Lesson 4 in Social Acceptance
My first Head of Department was a wonderful woman. She didn’t have a teaching background. She came from the business world. She was probably attracted to teaching when she had children, because in those days teachers didn’t have to do any schoolwork in the holidays and they left school in the afternoon with the pupils. She taught the Opportunity classes and French, because she had lived in France for a while and language teachers were hard to come by. I have a feeling she started off in Business Studies or “Commercial” as it was known then, and gravitated into our area when the comprehensives started.
She was a star. All her advice was practical, constructive and to the point.

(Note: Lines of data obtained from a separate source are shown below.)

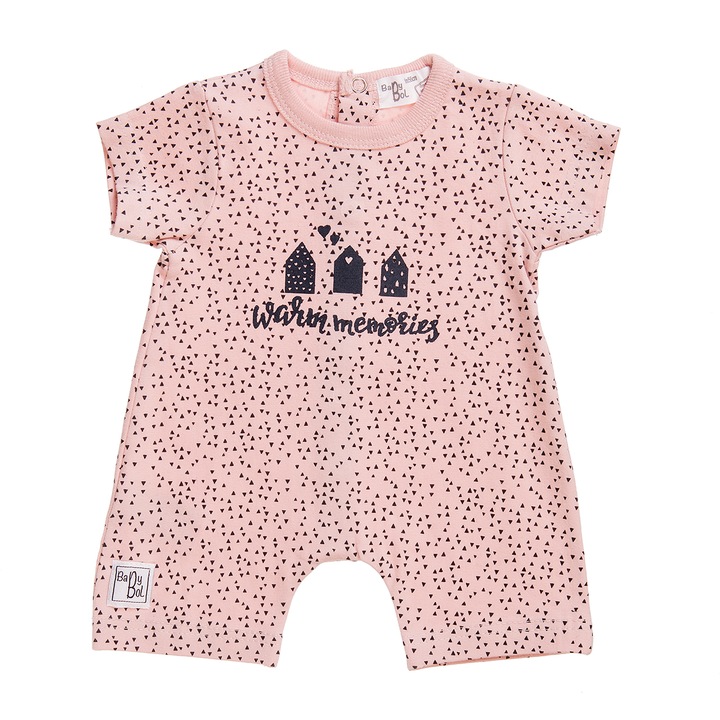 Salopeta Babybol pentru bebe fetita, Roz prafuit, 56 CM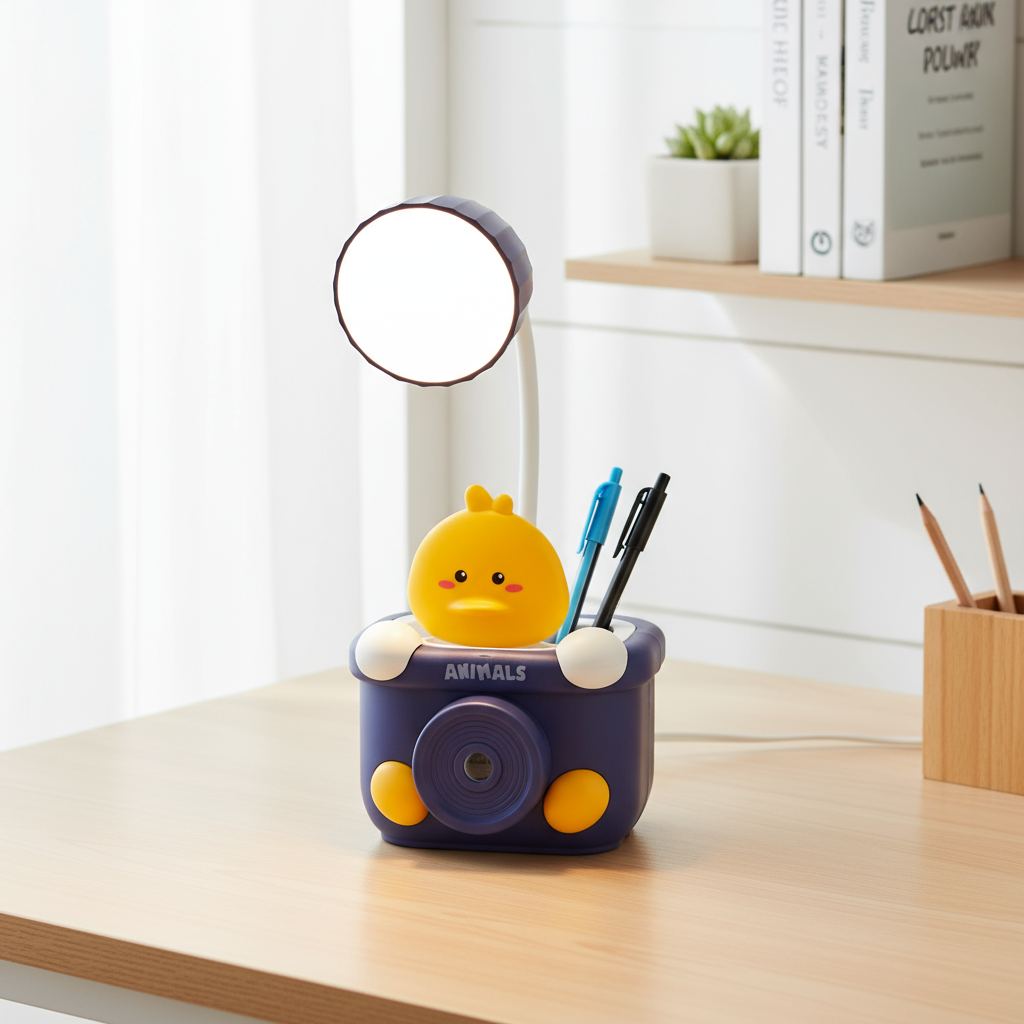 HindCraft Cute Animal LED Desk Lamp with Pen Holder, Pencil Organizer for Kids Study Table, Office Desk & Bedroom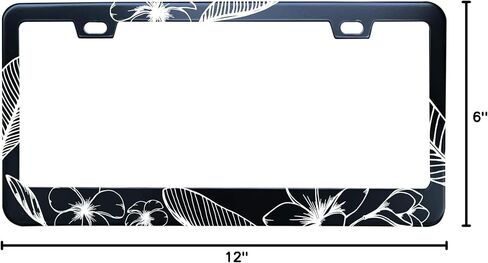 Black Mountains Forest Camping Stainless Steel License Plate Frame for Men/Women with 2 Screw Caps for US/CA Vehicles in Kuwait
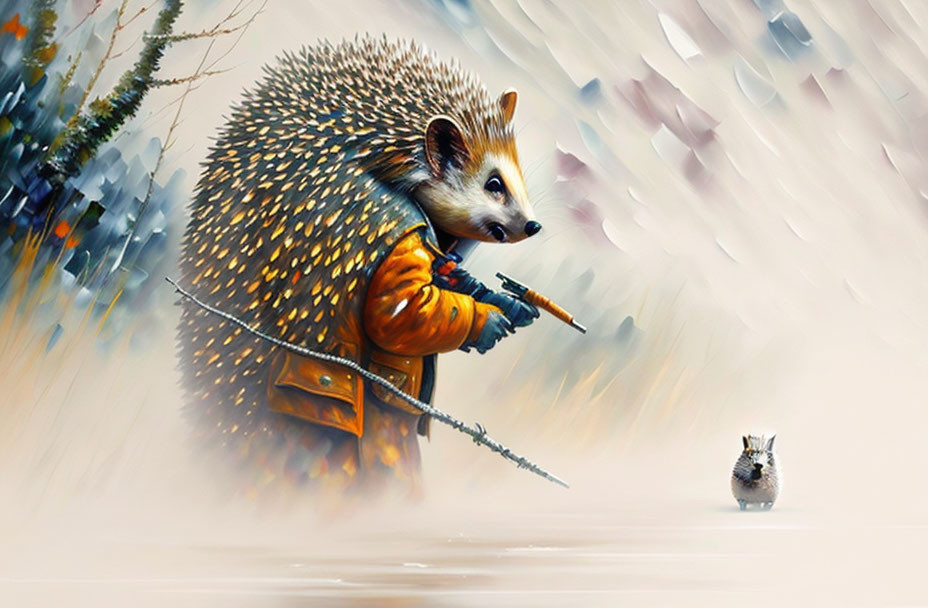 Anthropomorphic hedgehog in coat with spear meets tiny hedgehog in snowy setting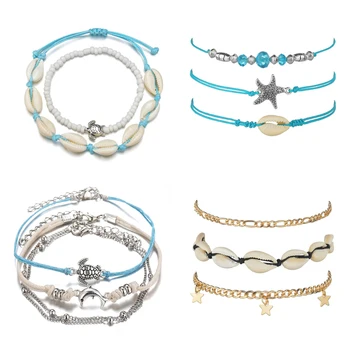 

Summer Turtle Shell Star Charm Rope String Anklets For Women Ankle Bracelet Sandals On the Leg Chain Foot Seashell Beach Jewelry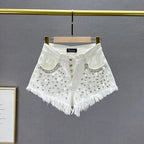 Pantalones cortos de mezclilla con incrustaciones de diamantes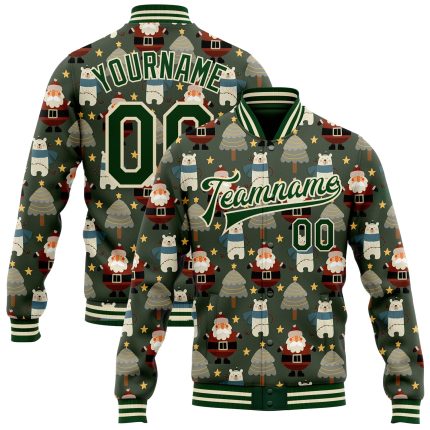 Custom Name and Number Varsity Letterman Jacket - Personalized Green-Cream Christmas 3D Bomber Personalized Green Green-Cream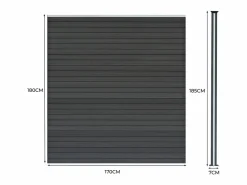 New Monstershop Vallas para exteriores de WPC y Aluminio - 10xPaneles Cuadrados + 1x Oblicuo + 11x Postes con LED | Gris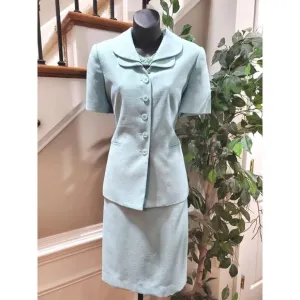 Morgan Miller Women Blue Polyester Single Breasted Blazer &amp; Skirt 2 Pcs Suit 10P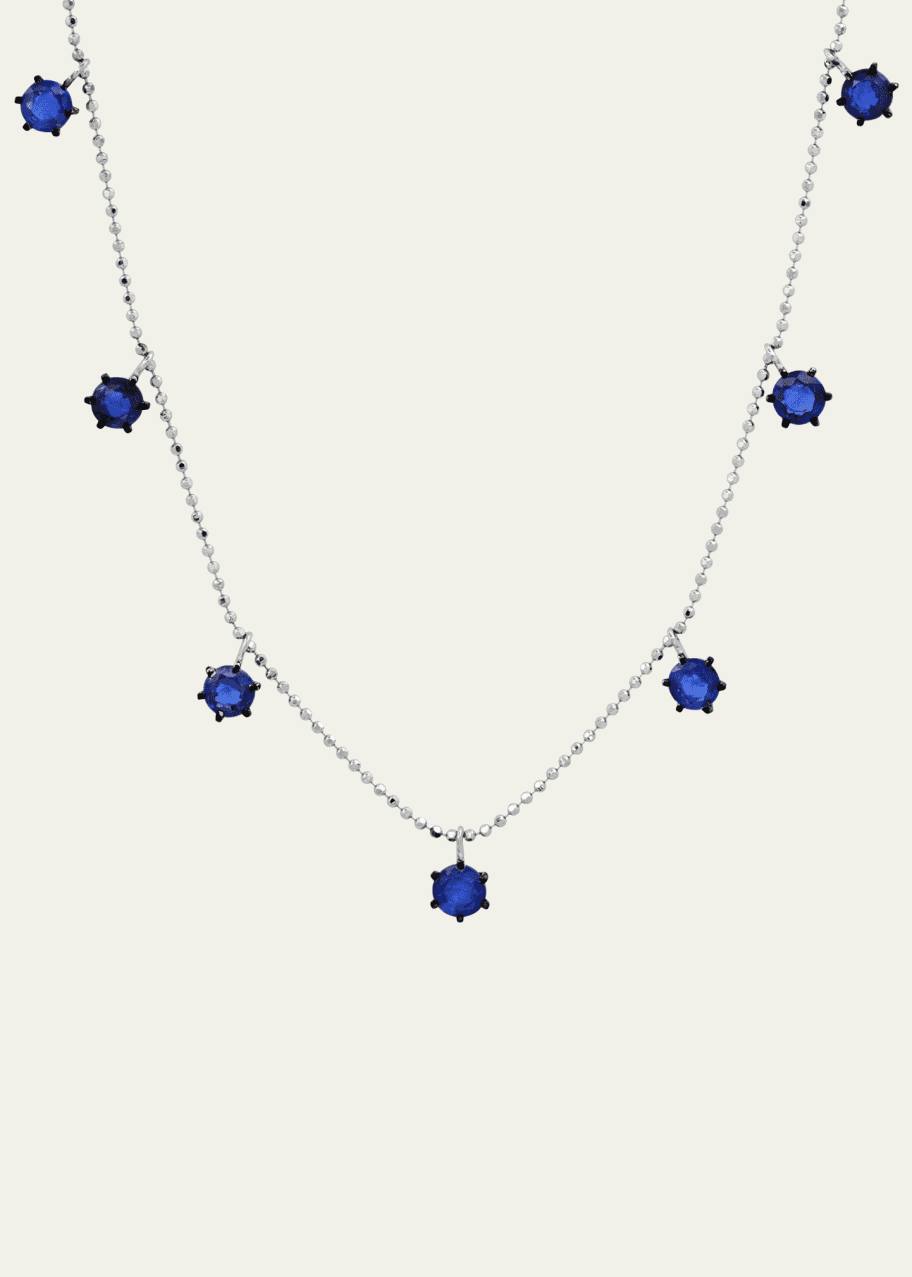 Image 1 of 1: 18K White Gold Floating Blue Sapphire Necklace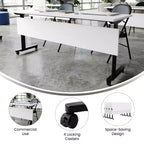 Flash Furniture Palmer Commercial Grade Heavy-Duty Nesting Flip Training Table with T-Legs, Modesty Panel, Tabletop, and Frame
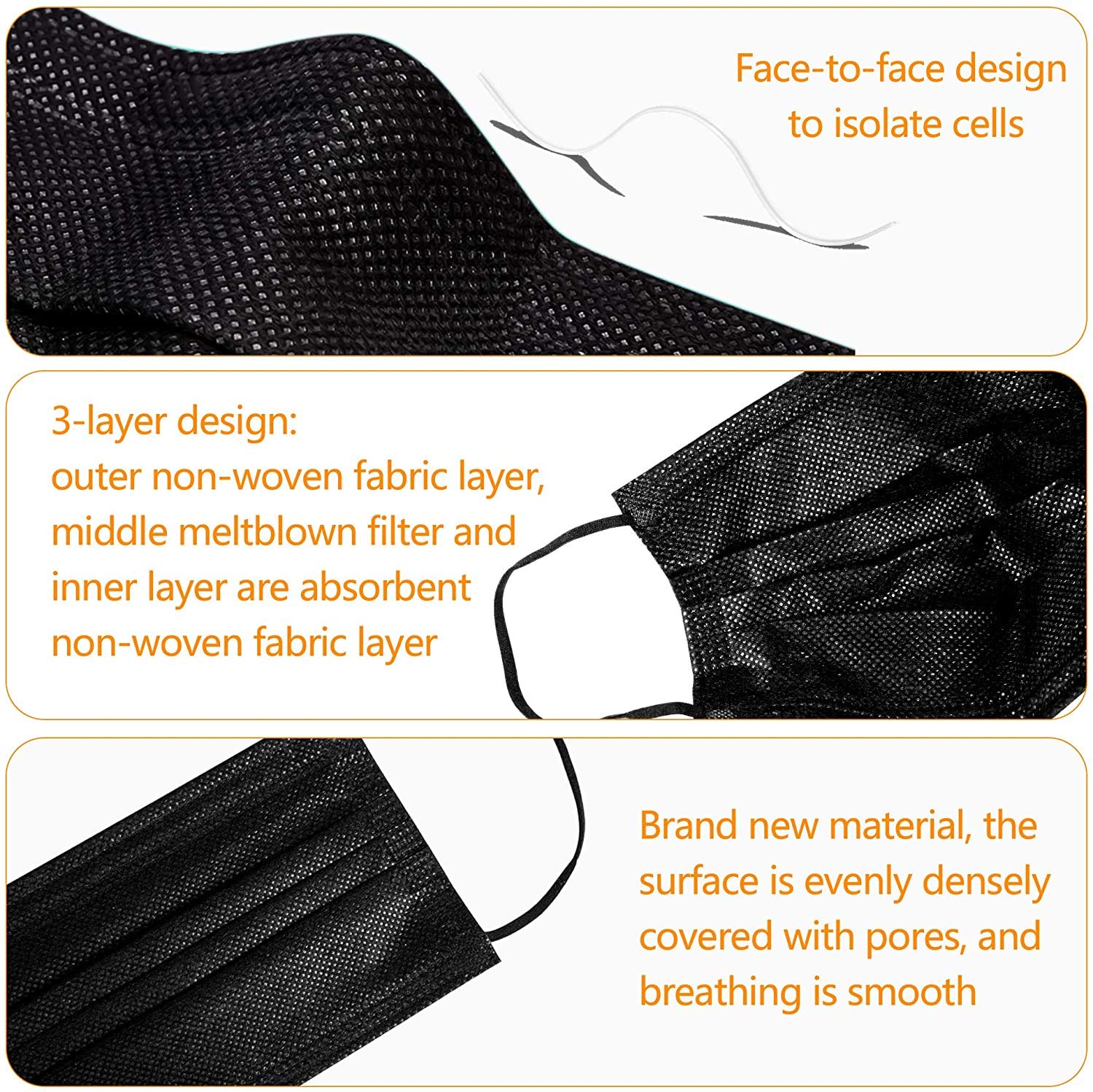 GreatDio® 200 Pcs Disposable 3-Ply Face Masks - Breathable Protective PPE with Nose Clip & Ear Loops (Black) - Ideal for Daily Use, Travel, Work & Public Safety
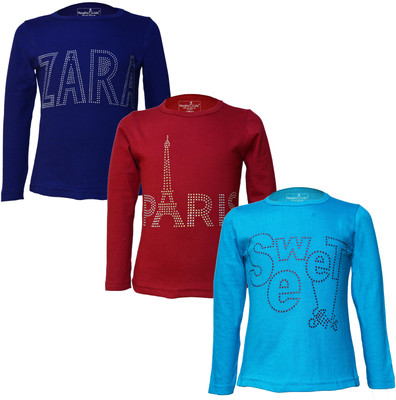 Just Live Fashionn Girls Printed Pure Cotton Regular T Shirt(Multicolor, Pack of 3)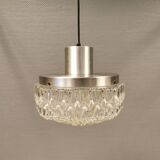 Beautiful hanging lamp in aluminium and hard-pressed crystal glass, probably Swedish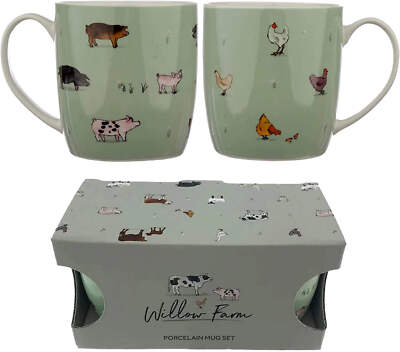 Puckator Willow Farm 2er Set Porzellantassen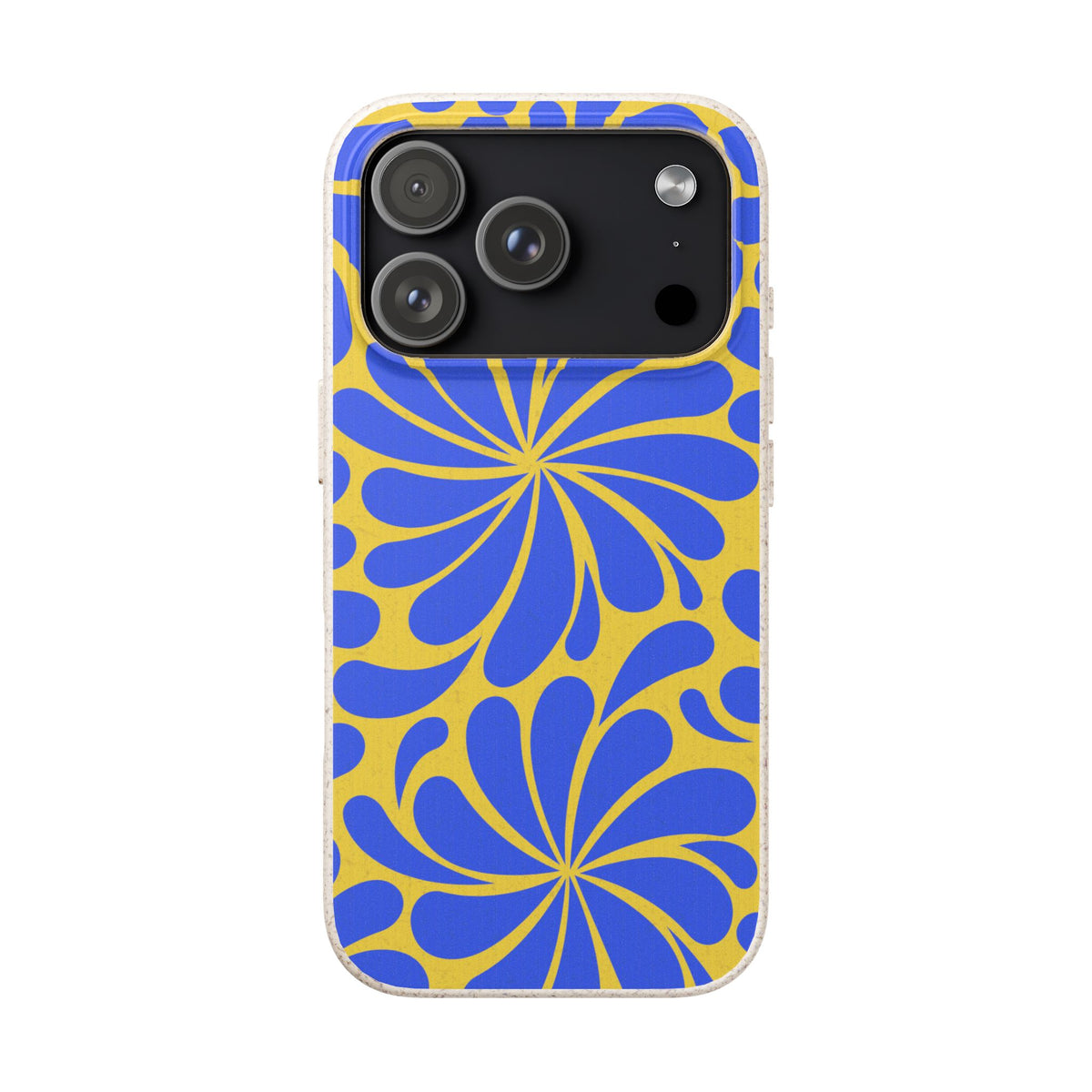 Biodegradable Phone Case — Blue & Yellow Retro Swirl Eco Phone Cover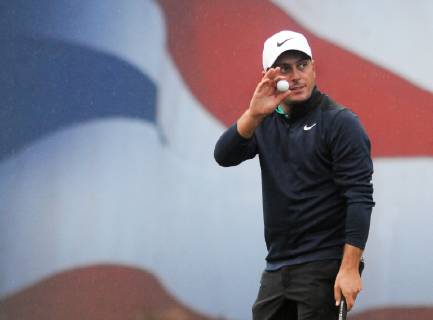 Golf - 2018 Sky Sports British Masters - Thursday, First Round Francesco Molinari of Italy salutes the crowd after finishing his round at the 18th hole at Walton Heath Golf Club. COLORSPORT ANDREW COWIE
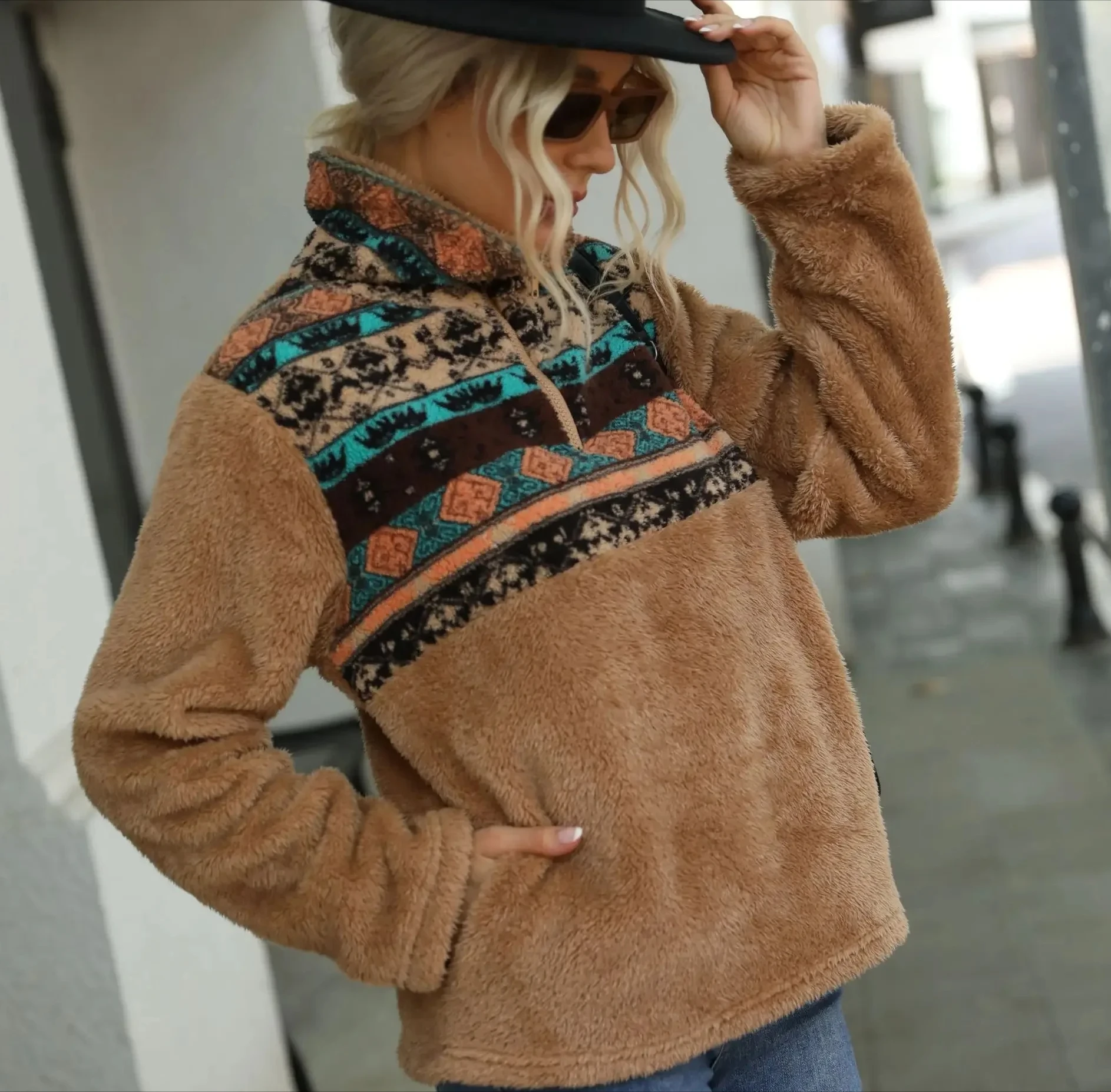 المرأة عبر الحدود الخريف/الشتاء الصوف كم فضفاضة تناسب البلوز الطباعة الوقوف طوق جيب نصف الرمز البريدي البلوز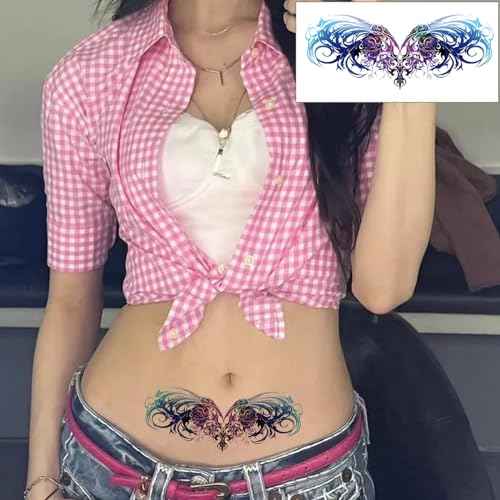 24 Sheets Sexy Belly Temporary Tattoos Black Red Heart Navel Waterproof Tattoo Stickers Bust Stomach Waist Back Fake Body Tattoos for Women Girls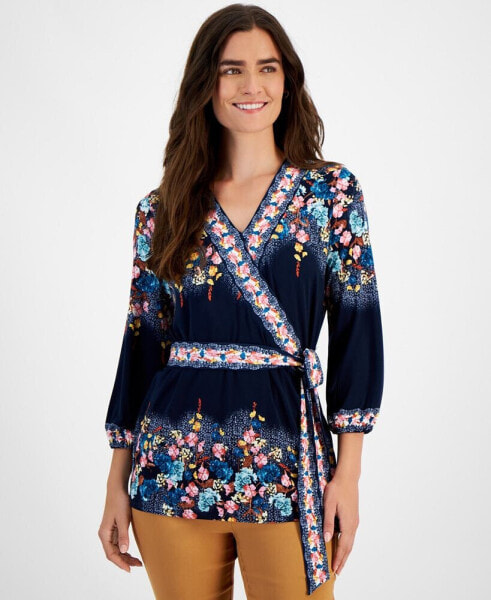 Women's Printed Faux-Wrap Top, Created for Macy's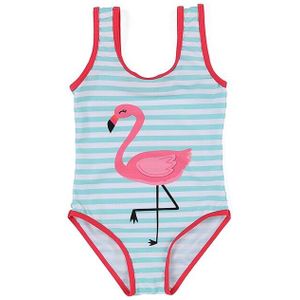 Badpak meisje Een Stuk Badmode Kinderen Bodysuit Pretty Flamingo Gestreepte Print Badpak voor Meisje Beachwear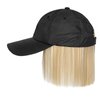 AynnQueen Super Light Wig Quick Drying Baseball Cap with Synthetic Wig Attached 6inch Short Straight Hair UV Protection for Outdoor Sports (Ash Blonde Mix Bleach Blonde)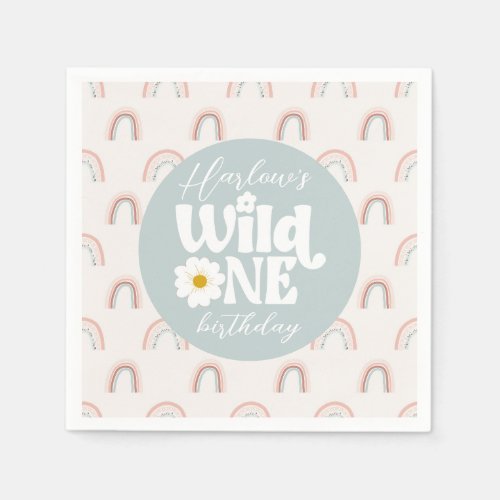 Boho Rainbow Daisy Wild One Girls first Birthday Napkins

“Put your hair up!” was the first thing she said to me. I had 60s flowing locks. Think Jean Shrimpton/Marianne Faithful.
In our region we had what was known as the Super Nit. It was resistant to the majority of common treatments. One day each half-term was Nit Nurse day. It had a festival atmosphere. The entire work of the school was disrupted, as every class was lined up to have their heads checked. They filed in one by one and emerged waving their cards. The card was to tell your Mam you had nits and to do something about it.
I was astonished later to find that in some other places you had to stay at home till the infestation was eradicated. In our neck of the woods that would have ravaged the school population like the Black Death.
There was no shame attached to nits. Nobody called you names or pointed fingers or shunned you. There was just a cheerful acceptance of human frailty. Nit Nurse days taught me early on the power of mutual support in the face of life’s random adversities.
So not all the lessons I learnt from my pupils had to take the form of personal tuition, one-to-one. Sometimes they taught me as a group and a community.